EXERCISE PROMPT: Every line between the top of the data below and the line with "011125 - Newport", both ends included, must be retyped exactly.

Records excerpted from a collection

* * * * *

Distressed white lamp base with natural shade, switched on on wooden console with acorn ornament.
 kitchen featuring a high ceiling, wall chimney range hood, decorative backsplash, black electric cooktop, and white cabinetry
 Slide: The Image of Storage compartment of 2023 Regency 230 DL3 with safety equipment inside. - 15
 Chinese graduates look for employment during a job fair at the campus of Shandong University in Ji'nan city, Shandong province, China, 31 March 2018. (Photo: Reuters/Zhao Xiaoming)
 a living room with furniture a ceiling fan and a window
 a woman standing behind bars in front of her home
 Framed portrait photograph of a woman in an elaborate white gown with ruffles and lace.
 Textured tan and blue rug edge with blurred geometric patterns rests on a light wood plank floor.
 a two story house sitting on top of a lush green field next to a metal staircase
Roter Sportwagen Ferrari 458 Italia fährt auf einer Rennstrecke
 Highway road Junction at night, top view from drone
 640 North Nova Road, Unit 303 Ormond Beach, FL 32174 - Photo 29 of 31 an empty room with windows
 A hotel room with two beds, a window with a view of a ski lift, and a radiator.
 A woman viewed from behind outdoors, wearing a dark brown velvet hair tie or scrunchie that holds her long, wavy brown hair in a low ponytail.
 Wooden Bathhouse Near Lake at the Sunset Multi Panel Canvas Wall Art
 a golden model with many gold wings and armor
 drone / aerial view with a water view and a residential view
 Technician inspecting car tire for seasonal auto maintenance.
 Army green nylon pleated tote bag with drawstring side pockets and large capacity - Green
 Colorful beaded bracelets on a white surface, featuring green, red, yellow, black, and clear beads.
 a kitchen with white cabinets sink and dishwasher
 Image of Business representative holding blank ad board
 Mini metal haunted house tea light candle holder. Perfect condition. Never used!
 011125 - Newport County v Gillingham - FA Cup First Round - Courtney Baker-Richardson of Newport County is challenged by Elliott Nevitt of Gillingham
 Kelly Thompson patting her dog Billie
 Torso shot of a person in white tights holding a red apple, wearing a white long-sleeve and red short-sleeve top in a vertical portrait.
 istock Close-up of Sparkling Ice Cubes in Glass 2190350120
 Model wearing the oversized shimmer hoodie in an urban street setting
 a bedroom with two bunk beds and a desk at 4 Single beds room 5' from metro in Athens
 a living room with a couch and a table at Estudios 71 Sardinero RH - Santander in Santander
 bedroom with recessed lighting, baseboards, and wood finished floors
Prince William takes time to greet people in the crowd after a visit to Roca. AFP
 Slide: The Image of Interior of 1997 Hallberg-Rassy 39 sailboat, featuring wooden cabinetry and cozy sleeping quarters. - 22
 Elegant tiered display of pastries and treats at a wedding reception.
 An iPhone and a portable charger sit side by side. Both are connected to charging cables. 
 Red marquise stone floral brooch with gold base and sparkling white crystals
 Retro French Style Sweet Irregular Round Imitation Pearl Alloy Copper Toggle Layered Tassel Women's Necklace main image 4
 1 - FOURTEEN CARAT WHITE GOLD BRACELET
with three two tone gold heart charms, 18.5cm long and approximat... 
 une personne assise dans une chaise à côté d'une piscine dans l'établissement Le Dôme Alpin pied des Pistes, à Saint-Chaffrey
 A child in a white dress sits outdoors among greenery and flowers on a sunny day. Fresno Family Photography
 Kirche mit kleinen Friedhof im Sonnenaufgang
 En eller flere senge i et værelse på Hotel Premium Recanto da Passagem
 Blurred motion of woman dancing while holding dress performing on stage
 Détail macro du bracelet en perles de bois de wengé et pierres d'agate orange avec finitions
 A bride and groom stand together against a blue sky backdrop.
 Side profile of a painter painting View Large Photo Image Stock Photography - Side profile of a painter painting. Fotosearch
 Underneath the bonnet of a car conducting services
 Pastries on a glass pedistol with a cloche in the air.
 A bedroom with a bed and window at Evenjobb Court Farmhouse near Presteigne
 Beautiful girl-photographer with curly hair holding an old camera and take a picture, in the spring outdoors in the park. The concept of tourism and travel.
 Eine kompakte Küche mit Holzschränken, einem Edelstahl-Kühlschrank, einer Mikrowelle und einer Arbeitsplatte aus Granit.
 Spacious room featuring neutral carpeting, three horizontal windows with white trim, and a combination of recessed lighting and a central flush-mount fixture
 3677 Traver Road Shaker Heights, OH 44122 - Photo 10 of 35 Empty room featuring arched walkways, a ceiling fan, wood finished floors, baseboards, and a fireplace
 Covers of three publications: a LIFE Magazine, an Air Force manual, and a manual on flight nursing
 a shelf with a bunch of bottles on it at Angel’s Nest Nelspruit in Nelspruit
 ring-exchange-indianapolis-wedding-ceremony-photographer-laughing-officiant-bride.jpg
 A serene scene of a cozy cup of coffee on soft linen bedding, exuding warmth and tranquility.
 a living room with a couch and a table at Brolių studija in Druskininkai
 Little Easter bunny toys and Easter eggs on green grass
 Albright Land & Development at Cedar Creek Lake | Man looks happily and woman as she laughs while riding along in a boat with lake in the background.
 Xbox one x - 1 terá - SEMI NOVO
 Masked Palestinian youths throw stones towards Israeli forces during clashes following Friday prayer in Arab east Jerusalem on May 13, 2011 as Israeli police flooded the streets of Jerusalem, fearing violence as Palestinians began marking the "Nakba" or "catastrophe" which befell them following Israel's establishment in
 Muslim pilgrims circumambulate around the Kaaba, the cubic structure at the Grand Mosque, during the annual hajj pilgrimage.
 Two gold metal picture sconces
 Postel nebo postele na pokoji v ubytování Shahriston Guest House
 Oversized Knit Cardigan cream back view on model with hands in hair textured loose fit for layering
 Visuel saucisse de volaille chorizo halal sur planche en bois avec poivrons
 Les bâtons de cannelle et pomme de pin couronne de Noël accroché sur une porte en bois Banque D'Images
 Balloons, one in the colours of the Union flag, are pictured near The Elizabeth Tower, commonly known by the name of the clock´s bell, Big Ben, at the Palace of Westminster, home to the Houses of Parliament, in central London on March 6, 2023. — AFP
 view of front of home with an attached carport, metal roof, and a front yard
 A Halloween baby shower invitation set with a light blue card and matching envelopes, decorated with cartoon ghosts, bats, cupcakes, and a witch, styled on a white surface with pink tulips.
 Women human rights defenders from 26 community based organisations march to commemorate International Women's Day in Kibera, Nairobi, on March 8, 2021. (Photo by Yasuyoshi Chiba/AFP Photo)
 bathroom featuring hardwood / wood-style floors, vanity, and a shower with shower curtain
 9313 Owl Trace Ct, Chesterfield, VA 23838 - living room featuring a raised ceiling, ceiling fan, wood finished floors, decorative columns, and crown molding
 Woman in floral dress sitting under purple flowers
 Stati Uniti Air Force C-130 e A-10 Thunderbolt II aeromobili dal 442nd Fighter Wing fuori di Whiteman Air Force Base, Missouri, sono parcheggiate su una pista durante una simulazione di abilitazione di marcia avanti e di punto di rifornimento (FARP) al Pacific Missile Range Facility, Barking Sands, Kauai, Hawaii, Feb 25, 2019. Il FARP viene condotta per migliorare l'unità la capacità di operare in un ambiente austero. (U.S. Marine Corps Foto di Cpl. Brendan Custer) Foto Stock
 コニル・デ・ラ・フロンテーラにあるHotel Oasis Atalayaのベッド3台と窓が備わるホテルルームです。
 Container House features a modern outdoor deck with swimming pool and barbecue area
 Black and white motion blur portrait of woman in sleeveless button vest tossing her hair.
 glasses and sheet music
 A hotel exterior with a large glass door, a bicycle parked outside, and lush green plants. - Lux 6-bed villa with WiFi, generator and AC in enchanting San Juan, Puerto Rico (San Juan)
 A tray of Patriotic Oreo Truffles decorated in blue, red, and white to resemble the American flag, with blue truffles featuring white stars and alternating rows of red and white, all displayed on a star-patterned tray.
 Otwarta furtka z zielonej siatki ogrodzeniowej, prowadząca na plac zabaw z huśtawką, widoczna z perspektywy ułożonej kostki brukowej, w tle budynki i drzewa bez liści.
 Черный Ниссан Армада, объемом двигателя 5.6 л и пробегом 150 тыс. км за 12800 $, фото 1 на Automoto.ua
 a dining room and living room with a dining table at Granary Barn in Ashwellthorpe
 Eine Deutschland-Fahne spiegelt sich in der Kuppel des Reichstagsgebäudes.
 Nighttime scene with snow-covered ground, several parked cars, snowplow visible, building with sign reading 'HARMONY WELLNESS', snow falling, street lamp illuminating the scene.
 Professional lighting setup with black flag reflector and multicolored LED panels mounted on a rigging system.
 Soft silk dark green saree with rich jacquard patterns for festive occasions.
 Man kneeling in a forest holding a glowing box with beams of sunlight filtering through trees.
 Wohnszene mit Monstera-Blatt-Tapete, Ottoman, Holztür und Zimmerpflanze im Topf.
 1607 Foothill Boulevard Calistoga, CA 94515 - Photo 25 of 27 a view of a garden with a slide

* * * * *

EXERCISE OUTPUT:
Distressed white lamp base with natural shade, switched on on wooden console with acorn ornament.
 kitchen featuring a high ceiling, wall chimney range hood, decorative backsplash, black electric cooktop, and white cabinetry
 Slide: The Image of Storage compartment of 2023 Regency 230 DL3 with safety equipment inside. - 15
 Chinese graduates look for employment during a job fair at the campus of Shandong University in Ji'nan city, Shandong province, China, 31 March 2018. (Photo: Reuters/Zhao Xiaoming)
 a living room with furniture a ceiling fan and a window
 a woman standing behind bars in front of her home
 Framed portrait photograph of a woman in an elaborate white gown with ruffles and lace.
 Textured tan and blue rug edge with blurred geometric patterns rests on a light wood plank floor.
 a two story house sitting on top of a lush green field next to a metal staircase
Roter Sportwagen Ferrari 458 Italia fährt auf einer Rennstrecke
 Highway road Junction at night, top view from drone
 640 North Nova Road, Unit 303 Ormond Beach, FL 32174 - Photo 29 of 31 an empty room with windows
 A hotel room with two beds, a window with a view of a ski lift, and a radiator.
 A woman viewed from behind outdoors, wearing a dark brown velvet hair tie or scrunchie that holds her long, wavy brown hair in a low ponytail.
 Wooden Bathhouse Near Lake at the Sunset Multi Panel Canvas Wall Art
 a golden model with many gold wings and armor
 drone / aerial view with a water view and a residential view
 Technician inspecting car tire for seasonal auto maintenance.
 Army green nylon pleated tote bag with drawstring side pockets and large capacity - Green
 Colorful beaded bracelets on a white surface, featuring green, red, yellow, black, and clear beads.
 a kitchen with white cabinets sink and dishwasher
 Image of Business representative holding blank ad board
 Mini metal haunted house tea light candle holder. Perfect condition. Never used!
 011125 - Newport County v Gillingham - FA Cup First Round - Courtney Baker-Richardson of Newport County is challenged by Elliott Nevitt of Gillingham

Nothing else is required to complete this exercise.